Minutes later, true to his word, Steve (as the bartender introduced himself) was pouring us Lüke's homebrew and talking oysters.  Lüke was, as I knew from my Besh menu research, a restaurant designed after the old brasseries of New Orleans' in times past.  Oysters was just a natural on the menu.  And, boy, did you see oysters when you walked up to the bar! Mounds of them, piled behind the glass, waiting to be sliced open and plattered by the cooks, a tasty accoutrement to the amber with the gorgeous head that Chef Reiton was sipping from his pint glass.

"I've never actually had a raw oyster," he confessed to Steve.

I think Steve almost dropped his bar towel.

I also think that Steve's second career will be in food education because, quite eloquently, he began to relay the types of oysters that Lüke served, their technical names and the names that I remember: freshwater oysters from the waters of the lake of Louisiana--Lake Pontchartrain, and the saltwater oysters, with their briny flavor of the sea off the southern coast.

"Do you want to try them?" he offered.  "You can compare the two."

I didn't respond.  I was hoping that I would be that kid in the back of the class who, if I didn't draw attention to myself, would become invisible.  I'd had raw oysters before (for you faithful readers, you may remember my reference to eating them in Illinois at a friend's house--not to be a good experience just from the state alone...), and it wasn't an experience I wanted to repeat--foodie or not.

But that is where my new darling husband was different.  "Okay," he said.  And my heart swelled with pride.  So brave.

Steve brought the first oyster, a freshwater specimen.  "Do I chew it?" Chef Reiton asked.

"It's up to you," Steve explained.  "Some people just swallow them off the shell.  I like to chew them so I can taste them."  I wanted to gag.  I watched the love of my life with complete awe as he loosened the oyster from the shell with his little fork, then lifting the shell to his lips, tilted it like a soup spoon and poured its contents into his mouth, chewing slowly and reflectively before swallowing.

I found myself holding my breathe--for what, I am not sure.  For him to throw up? For me to throw up?

"Wow. That wasn't bad.  Not at all what I expected it to taste like."

And that's where the foodie in me got a little jealous, damn it.  I was missing out on an experience!

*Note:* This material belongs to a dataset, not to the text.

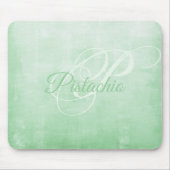 Pistachio soft Grey Abstract monogram Muismat (Voorkant)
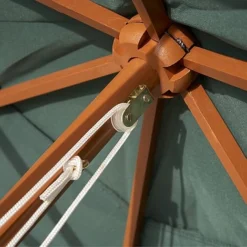 Wooden Garden Parasol 2.4m -Garden Central Sales Store P27G LS4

I didn't know what a freshwater oyster tasted like, and now I kind-of wanted to...

Next came the saltwater oyster.  "These are my favorite," Steve said, placing the plate in front of my husband.  "I like the briny water you get with the oyster.  It tastes like the ocean."

Chef Reiton picked up the next oyster.  I couldn't help but observe just how raw the shell and oyster looked in his hand.  He sipped the contents from its shell--and I saw a flicker of "eww" cross his face.  He politely chewed and swallowed and wiped his mouth.  "Interesting," he said, and there was a pause.  "I think I like the freshwater better."

"Everyone has their own personal taste when it comes to oysters," Steve said.  "It's just one of those things."

We sipped our beers and intermittently talked with Steve as he waited on the other couple.  I was relaxed but excited but sad.  Our honeymoon for foodies was almost to a close.  We had just one more Besh restaurant left.  If I could help it, I would drag it out as long as I possibly could.

I looked down at my coaster on the bar.  "Can I have this?" I asked Steve.  It would be a memoir of what almost wasn't.

Steve smiled and tossed me another one.  "Here, take two.  And email us when your blog is ready."



With a nod, a thank you, and a smile we were out the door, wending our way one final time through the sultry streets of New Orleans to our final destination: August.